Posted by: flickervertigo | Jan 28 2011 17:24 utc | 8

one more thing, here… the nobel prizes to elbaradei and aumann… you got to wonder, at some point, how involved aumann was in planning this PNAC caper, starting from sharon’s visit to al aqsa with a thousand cops.
elbaradei, who simply was unable to find iraq’s WMDs, and couldnt find iran’s nuke weapons, and stuck to his guns, is awarded the 2005 nobel peace price three days before aumann and schelling are awarded the economics prize, “for having enhanced our understanding of conflict and cooperation through game-theory analysis.”
those nobel guys are real cards.

Posted by: flickervertigo | Jan 28 2011 18:06 utc | 9

based on what we know about the Green Revolution and Iran, protesters there (urban educated, young, modern, mostly secular elites) demanded democracy.

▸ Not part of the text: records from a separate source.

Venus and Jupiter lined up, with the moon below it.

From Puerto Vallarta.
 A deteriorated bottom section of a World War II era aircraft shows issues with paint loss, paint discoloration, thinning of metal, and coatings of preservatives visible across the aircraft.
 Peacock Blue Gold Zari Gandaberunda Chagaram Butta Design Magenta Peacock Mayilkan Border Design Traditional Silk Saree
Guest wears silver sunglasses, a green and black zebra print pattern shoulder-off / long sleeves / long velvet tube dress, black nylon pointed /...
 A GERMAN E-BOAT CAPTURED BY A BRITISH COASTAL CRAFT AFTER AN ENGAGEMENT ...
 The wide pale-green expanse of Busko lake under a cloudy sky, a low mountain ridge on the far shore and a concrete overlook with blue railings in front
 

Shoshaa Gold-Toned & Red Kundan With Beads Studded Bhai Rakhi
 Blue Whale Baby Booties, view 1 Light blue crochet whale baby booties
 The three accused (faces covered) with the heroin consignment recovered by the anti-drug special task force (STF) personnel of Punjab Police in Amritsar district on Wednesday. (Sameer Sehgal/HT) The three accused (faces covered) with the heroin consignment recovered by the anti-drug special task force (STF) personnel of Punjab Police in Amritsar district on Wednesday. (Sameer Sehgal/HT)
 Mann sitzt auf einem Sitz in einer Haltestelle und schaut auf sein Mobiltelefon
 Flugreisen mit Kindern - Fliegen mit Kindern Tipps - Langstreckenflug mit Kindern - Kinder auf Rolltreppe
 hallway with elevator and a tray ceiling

You’ll recall that b caricatured protesters there as stooges of Freedom House and Western manipulation. b enthusiastically preferred the rule of autocratic religious zealots.
But now, b supports an Egyptian movement that shows far fewer signs of promoting democracy.
Just sayin

Posted by: slothrop | Jan 28 2011 21:51 utc | 10

The Egyptian autocracy, the nepotistic pere et fils Mubarak nightmare, is a dense and hideous evil, that is now being torn limb from limb by the people. The hated Egyptian police, the buggerers and torturers will face justice now.